Uma questão fundamental colocada pela celebridade é a de saber quais as condições sociais, económicas e culturais que permitem que certos indivíduos se tornem famosos só por serem quem são, na ausência de normas objectivas de sucesso. A resposta é que não há um critério único, mas um conjunto de critérios possíveis. O conceito de fama é multidimensional.
Investigador na Universidade de Tecnologia de Auckland, a trabalhar actualmente sobre os mecanismos que tornam alguém «icónico», Barry King parte, neste texto, do conceito de fama e das condições que a produzem, para traçar a seguir o percurso histórico do trinómio celebridade-fama-prestígio, com paragens obrigatórias no renome, na reputação e no carisma. E assim ganha forma uma constelação de conceitos que adquiriram uma importância enorme na sociedade da comunicação de massas.
o mapa da fama
O lugar da celebridade pode ser encontrado numa distribuição particular de fama e prestígio:
Este mapa distingue a reputação, como reconhecimento de distinção por um grupo social específico, do renome, como reputação de um indivíduo reconhecida por um grupo de leigos (o grande público, por exemplo). A reputação e o renome podem ser positivos ou negativos — pense-se na fama ou na infâmia. Os indivíduos famosos ou infames podem ter um nível de prestígio alto ou baixo e a sua reputação pode ser de curta duração ou perdurar por várias gerações.

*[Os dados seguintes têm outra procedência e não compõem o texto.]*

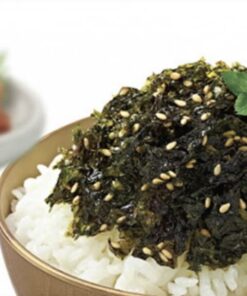 rong biển vụn ăn liền vị truyền thống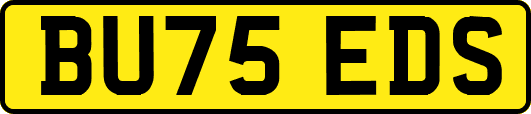 BU75EDS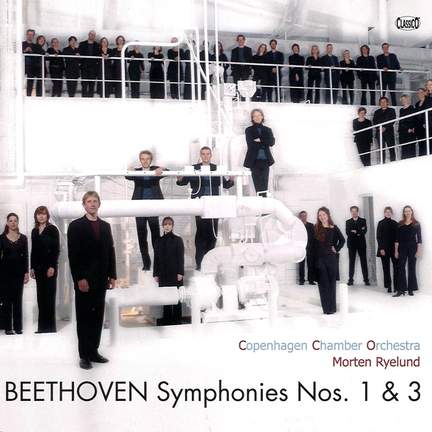 Beethoven: Symphonies Nos. 1 & 3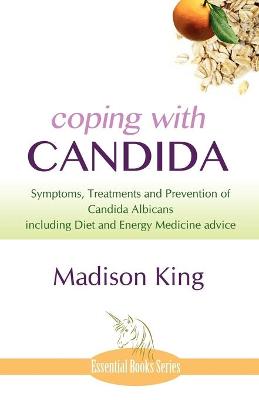 Book cover for Coping with Candida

Dentro deste esquema, a celebridade é uma forma de renome efémera e de baixo estatuto, baseada na aprovação (ou desaprovação) de agrupamentos de leigos (públicos alargados ou de massas).

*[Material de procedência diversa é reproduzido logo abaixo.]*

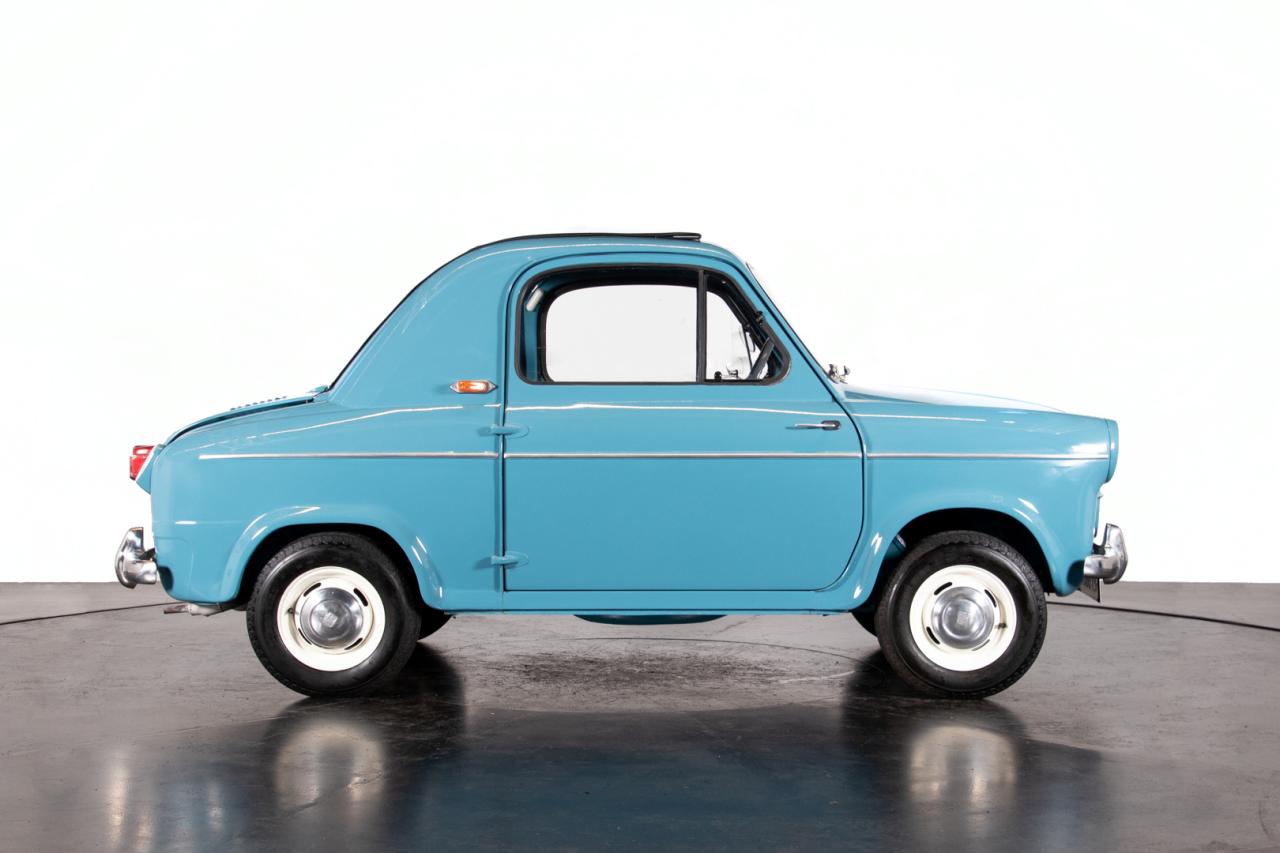 1958 Piaggio ACMA 400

Historicamente, a fama de um indivíduo era associada a um campo específico de actividade — desporto, literatura, arte, política, filosofia, ciência, exército. No contexto contemporâneo, a fama assenta numa imagem mediática amplamente difundida, que populariza e humaniza os feitos esotéricos do indivíduo (em geral, homem) através do recurso a metáforas relativas à personalidade. Estes rótulos são consolidados pelos media sob a forma de uma persona — uma amálgama de atributos pessoais e profissionais.
No metabolismo da fama, deve fazer-se a distinção entre diferenças significativas e marginais. O renome e a persona pública de Einstein assentavam no reconhecimento de que o seu sucesso superava em muito o dos seus colegas. Ele foi uma estrela antes de ter ficado célebre. Em contrapartida, a diferença entre uma celebridade e outra é marginal e reside sobretudo no engrandecimento das suas idiossincrasias para fins publicitários, mais do que em verdadeiros feitos.

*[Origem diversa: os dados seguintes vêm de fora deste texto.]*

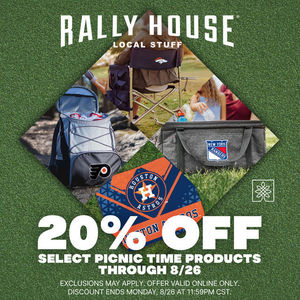 Image post by @rally_house on Instagram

"A celebridade é uma forma de renome efémera e de baixo estatuto, baseada na aprovação (ou desaprovação) de agrupamentos de leigos (públicos alargados ou de massas)."
Como personalidades mediáticas ou embaixadoras de marcas, todas as celebridades, independentemente da sua área, são comparadas com outras de perfil mediático similar. As celebridades dividem-se em grupos de mais conhecidas ou de menos, até às quase desconhecidas. Esta categorização reúne os indivíduos, não segundo as suas proezas — que podem ser irrisórias —, mas segundo a sua capacidade para atrair atenção mediática. Considera-se geralmente que o fenómeno da celebridade advém de uma mudança no metabolismo social da fama verificada a partir da segunda metade do século xviii, com o desenvolvimento das biografias literárias. Antes, a fama associada aos indivíduos era relativa: os indivíduos famosos deviam a sua reputação, merecida ou não, às suas ligações à Igreja, corte e culturas de elite. Ainda que desfrutada pelo indivíduo, a fama era função da identidade de grupo. O desenvolvimento dos meios de comunicação de massas — iniciado com a invenção da imprensa e progressivamente alargado à fotografia, cinema, rádio e televisão — levou a que a fama absoluta pudesse recair sobre os indivíduos enquanto tal, que passaram a ser celebridades e não representantes de normas e valores de um grupo social particular. Autores como Lord Byron e intérpretes como Franz Liszt ou Sarah Bernhardt desempenharam um papel essencial neste processo de celebrização. O processo não é inteiramente novo; no mundo da Antiguidade Clássica alguns membros das elites distinguiam-se de forma singular. Alexandre, o Grande, pode ser considerado o precursor, ou até o protótipo, da celebridade contemporânea (Braudy, 1997). O que é inédito nos tempos modernos é a escala e intensidade desta tendência para a fama absoluta.
Para alguns observadores, a natureza explicitamente capitalista deste desenvolvimento foi decisiva — como defendeu a Escola de Frankfurt na sua análise das indústrias da cultura em Dialética do Esclarecimento, e mais tarde Edgar Morin, em As Estrelas:
A estrela é uma mercadoria total: não há um centímetro de seu corpo, uma fibra de sua alma ou uma recordação de sua vida que não possa ser lançada no mercado.